Kswapd and high-order allocations

The core memory allocation mechanism inside the kernel is page-based; it will attempt to find a certain number of contiguous pages in response to a request (where "a certain number" is always a power of two). After the system has been running for a while, however, "higher-order" allocations requiring multiple contiguous pages become hard to satisfy. The virtual memory subsystem fragments physical memory to the point that the free pages tend to be separated from each other.

Curious readers can query /proc/buddyinfo to see how fragmented the currently free pages are. On a 1GB system, your editor currently sees the following:

      Node 0, zone   Normal 258 9 5 0 1 2 0 1 1 0 0

On this system, 258 single pages could be allocated immediately, but only nine contiguous pairs exist, and only five groups of four pages can be found. If something comes along which needs a lot of higher-order allocations, the available memory will be exhausted quickly, and those allocations may start to fail.

Nick Piggin has recently looked at this issue and found one area where improvements can be made. The problem is with the kswapd process, which is charged with running in the background and making free pages available to the memory allocator (by evicting user pages). The current kswapd code only looks at the number of free pages available; if that number is high enough, kswapd takes a rest regardless of whether any of those pages are contiguous with others or not. That can lead to a situation where high-order allocations fail, but the system is not making any particular effort to free more contiguous pages.

Nick's patch is fairly straightforward; it simply keeps kswapd from resting until a sufficient number of higher-order allocations are possible.

It has been pointed out, however, that the approach used by kswapd has not really changed: it chooses pages to free without regard to whether those pages can be coalesced into larger groups or not. As a result, it may have to free a great many pages before it, by chance, creates some higher-order groupings of pages. In prior kernels, no better approach was possible, but 2.6 includes the reverse-mapping code. With reverse mapping, it should be possible to target contiguous pages for freeing and vastly improve the system's performance in that area.

Linus's objection to this idea is that it overrides the current page replacement policy, which does its best to evict pages which, with luck, will not be needed in the near future. Changing the policy to target contiguous blocks would make higher-order allocations easier, but it could also penalize system performance as a whole by throwing out useful pages. So, says Linus, if a "defragmentation" mode is to be implemented at all, it should be run rarely and as a separate process.

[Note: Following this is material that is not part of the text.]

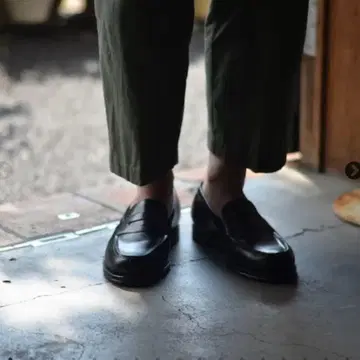 98589 코인 로퍼: BLACK CALF, 5 1/2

The other approach to this problem is to simply avoid higher-order allocations in the first place. The switch to 4K kernel stacks was a step in this direction; it eliminated a two-page allocation for every process created. In current kernels, one of the biggest users of high-order allocations would appear to be high-performance network adapter drivers. These adapters can handle large packets which do not fit in a single page, so the kernel must perform multi-page allocations to hold those packets.

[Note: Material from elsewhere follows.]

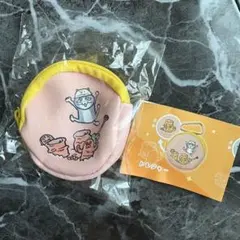 仕事猫　コインケース　カラビナ付き　トレジャー　くまみね　現場猫　カラビナ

Actually, those allocations are only required when the driver (and its hardware) cannot handle "nonlinear" packets which are spread out in memory. Most modern hardware can do scatter/gather DMA operations, and thus does not care whether the packet is stored in a single, contiguous area of memory. Using the hardware's scatter/gather capabilities requires additional work when writing the driver, however, and, for a number of drivers, that work has not yet been done. Addressing the high-order allocation problem from the demand side may prove to be far more effective than adding another objective to the page reclaim code, however.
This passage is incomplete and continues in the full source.